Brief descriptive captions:
<<<<
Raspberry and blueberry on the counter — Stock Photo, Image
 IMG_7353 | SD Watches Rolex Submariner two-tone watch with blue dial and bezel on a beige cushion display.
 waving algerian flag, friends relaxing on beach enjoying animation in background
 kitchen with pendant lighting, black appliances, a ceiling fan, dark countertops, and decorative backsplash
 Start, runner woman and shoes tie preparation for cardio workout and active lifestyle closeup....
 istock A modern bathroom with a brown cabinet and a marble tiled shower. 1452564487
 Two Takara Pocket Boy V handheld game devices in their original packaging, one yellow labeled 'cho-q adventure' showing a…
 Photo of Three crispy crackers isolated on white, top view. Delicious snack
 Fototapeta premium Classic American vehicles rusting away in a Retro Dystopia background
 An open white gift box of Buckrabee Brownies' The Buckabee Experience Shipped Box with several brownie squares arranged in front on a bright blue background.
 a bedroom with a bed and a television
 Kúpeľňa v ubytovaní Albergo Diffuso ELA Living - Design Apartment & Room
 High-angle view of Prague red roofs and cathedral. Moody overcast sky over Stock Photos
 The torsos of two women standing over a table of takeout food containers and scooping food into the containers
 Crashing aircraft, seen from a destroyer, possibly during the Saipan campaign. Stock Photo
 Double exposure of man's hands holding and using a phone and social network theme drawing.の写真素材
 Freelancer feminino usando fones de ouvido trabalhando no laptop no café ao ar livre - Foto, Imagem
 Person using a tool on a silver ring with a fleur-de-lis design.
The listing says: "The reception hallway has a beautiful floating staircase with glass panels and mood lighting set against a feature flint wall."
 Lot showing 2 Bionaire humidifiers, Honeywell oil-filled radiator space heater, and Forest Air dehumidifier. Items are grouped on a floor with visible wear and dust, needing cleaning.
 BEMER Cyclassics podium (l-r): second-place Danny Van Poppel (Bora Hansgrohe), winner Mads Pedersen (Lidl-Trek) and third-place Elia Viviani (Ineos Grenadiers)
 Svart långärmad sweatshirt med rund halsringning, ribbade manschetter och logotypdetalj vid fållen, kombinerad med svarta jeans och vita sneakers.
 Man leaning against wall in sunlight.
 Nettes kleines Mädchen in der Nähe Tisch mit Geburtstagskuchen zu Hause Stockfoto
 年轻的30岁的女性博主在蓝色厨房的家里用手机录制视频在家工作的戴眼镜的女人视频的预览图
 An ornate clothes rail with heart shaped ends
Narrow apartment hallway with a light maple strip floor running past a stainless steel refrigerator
>>>>
Exercise details: Only the lines above starting at the line that holds "Photo of Three" and ending at the line that holds "Kúpeľňa v ubytovaní" are to be repeated, exactly and in full.

Solution for this task:
 Photo of Three crispy crackers isolated on white, top view. Delicious snack
 Fototapeta premium Classic American vehicles rusting away in a Retro Dystopia background
 An open white gift box of Buckrabee Brownies' The Buckabee Experience Shipped Box with several brownie squares arranged in front on a bright blue background.
 a bedroom with a bed and a television
 Kúpeľňa v ubytovaní Albergo Diffuso ELA Living - Design Apartment & Room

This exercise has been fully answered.